In [51]:
import pandas as pd
import sqlalchemy 
import sql_functions as sf

In [58]:
# load jobs & skill data

schema = 'capstone_datacvpro'

skills = sf.get_dataframe(f' SELECT * FROM {schema}.skills_count_total')

- delete:
    - Data Analysis(3), Business Intelligence(18)

- limitations:
    - writing can include actual writing skills or eg. writing code

In [59]:
skills.head(20)

Unnamed: 0,skill,skill_clean,type,count_20,frequency_%_20,count_current,frequency_%_current
0,SQL (Programming Language),sql,Hard Skill,1389,61.65,18351,57.31
1,Communications,communication,Soft Skill,1154,51.22,16024,50.04
2,Statistics,statistics,Hard Skill,954,42.34,12223,38.17
3,Data Analysis,data analysis,Hard Skill,717,31.82,13207,41.24
4,Python (Programming Language),python,Hard Skill,637,28.27,9553,29.83
5,Computer Science,computer science,Hard Skill,622,27.61,8160,25.48
6,Tableau (Business Intelligence Software),tableau,Hard Skill,620,27.52,10113,31.58
7,Research,research,Soft Skill,559,24.81,9400,29.35
8,Dashboard,dashboard,Hard Skill,533,23.66,9736,30.4
9,Visualization,visualization,Hard Skill,517,22.95,11400,35.6


In [60]:
# drop Data Analysis, Business Intelligence

skills.drop([3,18], inplace=True)
skills = skills.reset_index(drop=True)

In [61]:
# sort by frequency current & limit to Top 20

skills = skills.sort_values('frequency_%_current', ascending=False).head(20)

In [62]:
skills

Unnamed: 0,skill,skill_clean,type,count_20,frequency_%_20,count_current,frequency_%_current
0,SQL (Programming Language),sql,Hard Skill,1389,61.65,18351,57.31
1,Communications,communication,Soft Skill,1154,51.22,16024,50.04
2,Statistics,statistics,Hard Skill,954,42.34,12223,38.17
8,Visualization,visualization,Hard Skill,517,22.95,11400,35.6
5,Tableau (Business Intelligence Software),tableau,Hard Skill,620,27.52,10113,31.58
7,Dashboard,dashboard,Hard Skill,533,23.66,9736,30.4
3,Python (Programming Language),python,Hard Skill,637,28.27,9553,29.83
6,Research,research,Soft Skill,559,24.81,9400,29.35
4,Computer Science,computer science,Hard Skill,622,27.61,8160,25.48
16,Leadership,leadership,Soft Skill,388,17.22,7871,24.58


In [63]:
# remove everything in () so skills can be found in description

# split at ( and save in new column
skills['skill'] = skills['skill'].str.split('(').str[0]
skills.head()

Unnamed: 0,skill,skill_clean,type,count_20,frequency_%_20,count_current,frequency_%_current
0,SQL,sql,Hard Skill,1389,61.65,18351,57.31
1,Communications,communication,Soft Skill,1154,51.22,16024,50.04
2,Statistics,statistics,Hard Skill,954,42.34,12223,38.17
8,Visualization,visualization,Hard Skill,517,22.95,11400,35.6
5,Tableau,tableau,Hard Skill,620,27.52,10113,31.58


In [64]:
# load to database

from dotenv import load_dotenv
load_dotenv()

# write dataset into database

# Import get_engine from sql_functions.py.

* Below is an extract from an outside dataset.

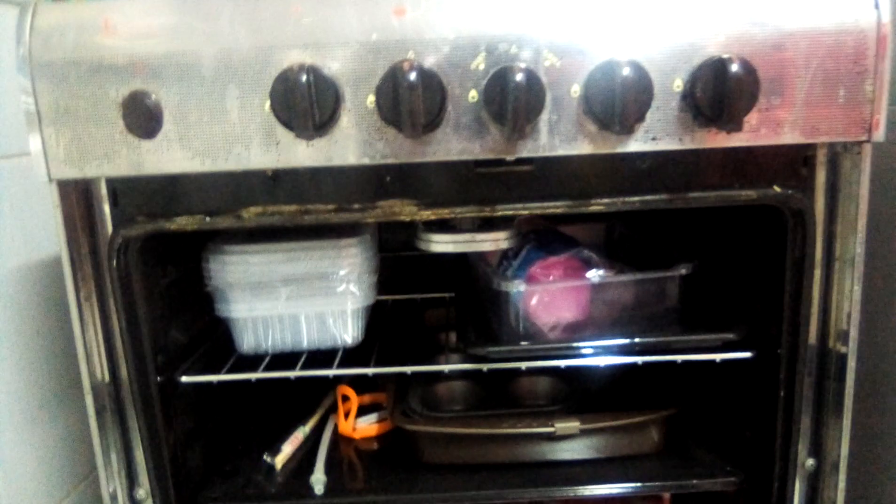This part of the cooker is mostly just used for storage right now — we don't bake often. You can see the matchbox there. We only use these burners and don't bake food often.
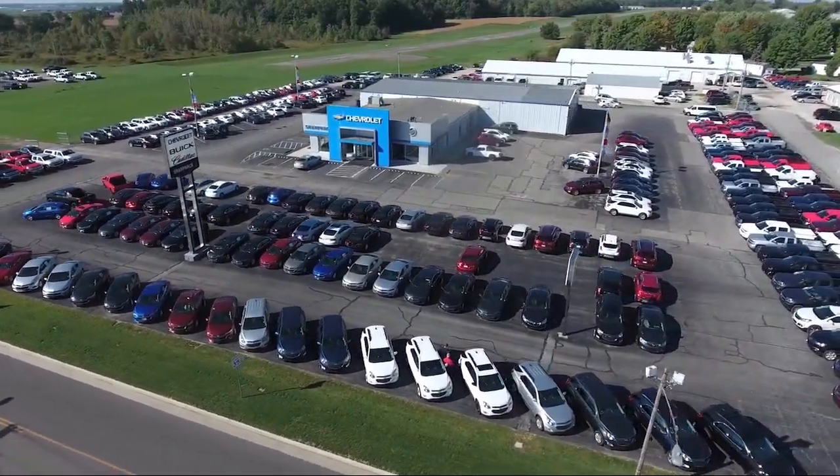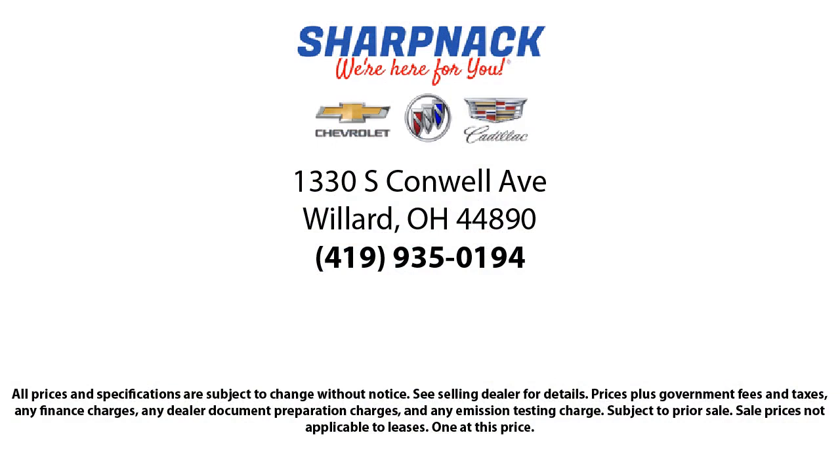So come see us today. We're located at 1330 South Conwell Avenue. Sharpnack Chevrolet Buick Cadillac — we're here for you.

You will need to restart your kernel and rerun at this point since we changed the module since we first imported it.
from sql_functions import get_engine
# create a variable called engine using the get_engine function
engine = get_engine()

import psycopg2

table_name = 'skills_list_final'
schema = 'capstone_datacvpro'

# Write records stored in a dataframe to SQL database
if engine!=None:
    try:
        skills.to_sql(name=table_name, # Name of SQL table variable
                        con=engine, # Engine or connection
                        schema=schema, # your class schema variable
                        if_exists='replace', # Drop the table before inserting new values 
                        index=False, # Write DataFrame index as a column
                        chunksize=5000, # Specify the number of rows in each batch to be written at a time
                        method='multi') # Pass multiple values in a single INSERT clause
        print(f"The {table_name} table was imported successfully.")
    # Error handling
    except (Exception, psycopg2.DatabaseError) as error:
        print(error)
        engine = None
else:
    print('No engine')

The skills_list_final table was imported successfully.